Projects
"Citadel of Apathy"?: Student Activism at UNL, September 1968-May 1969

Project Editor:Jillian Gotfredson, History 470: Digital History, Spring 2008

Active or Apathetic?

Overview
Lincoln, Nebraska: A Reflection of the Movement on a Different Scale
Public Displays of Activism: from protests to talk-ins
Hyde Park Forum
Students Unite: committees, groups, and unions
Who Protests?
What is Apathy?
National Context: a timeline of student activism on campuses
International Context: a timeline of student activism on campuses
Works Cited

Dealing with national issues as well as campus affairs, the DAILY NEBRASKAN found itself continually embroiled in controversy. Editor Jack Todd, willing or not, was invariably involved in the debates and acquired labels ranging from communist subversive to a fair and impartial editor.

The Nebraskan's editorials sparked heavy response as they advocated withdrawal from Vietnam, promoted various peace movements and attacked student apathy. An unrestrained writing style and liberal usage of related cartoons added to the controversy.
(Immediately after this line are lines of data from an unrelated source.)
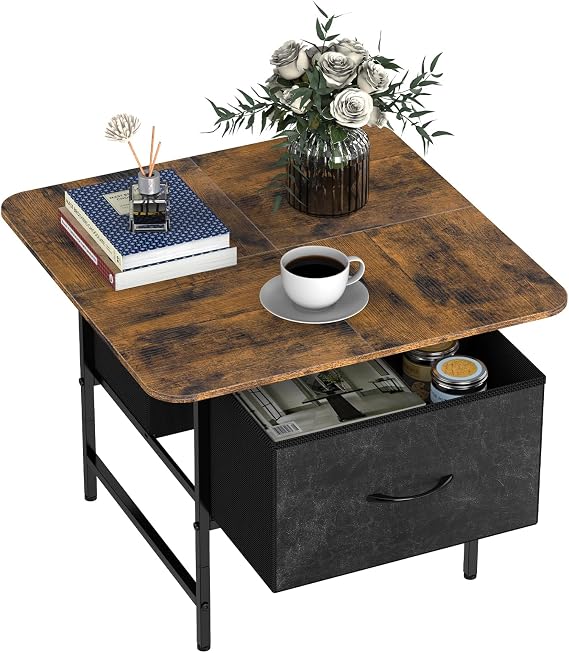 Shinoske Square Coffee Table with Storage Drawer,Small Coffee Tables for Living Room,2-Tier Farmhouse Center Table with Round Corners for Small Space,Apartment,Office,Rustic Brown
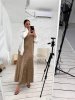 Бежева шовкова сукня Пула в квіточку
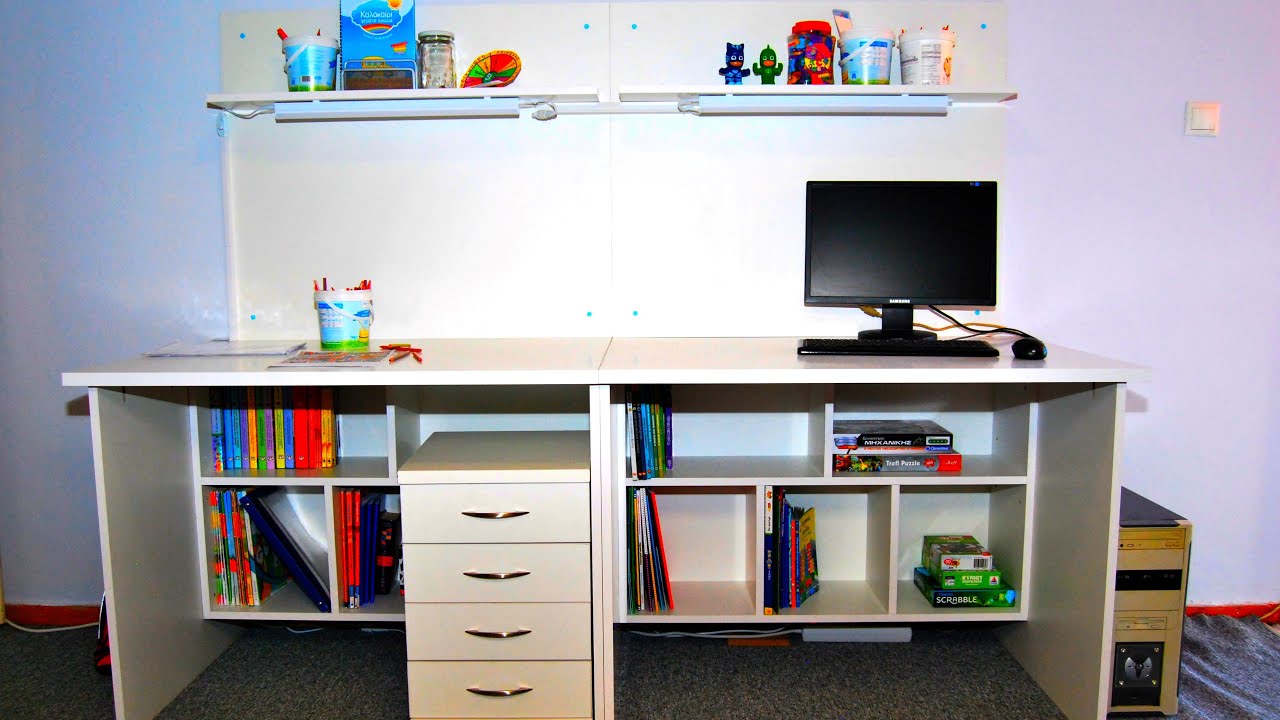 Πως να φτιάξετε γραφεία για παιδικό δωμάτιο. By Empnoia. Διαστάσεις ξυλείας στην περιγραφή.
On the positive side, the open housing march, the voting age amendment and the state income tax received editorial support. Students were encouraged to voice their beliefs as the Rag attempted to advance the concept dissenters as thinkers, not trouble-makers.

The paper further expanded its role as a catalyst for student action with its wide news coverage. Issues extended from immediate campus questions such as faculty involvement in student affairs to outside problems, including the Biafran situation and the political candidates and their campaigns.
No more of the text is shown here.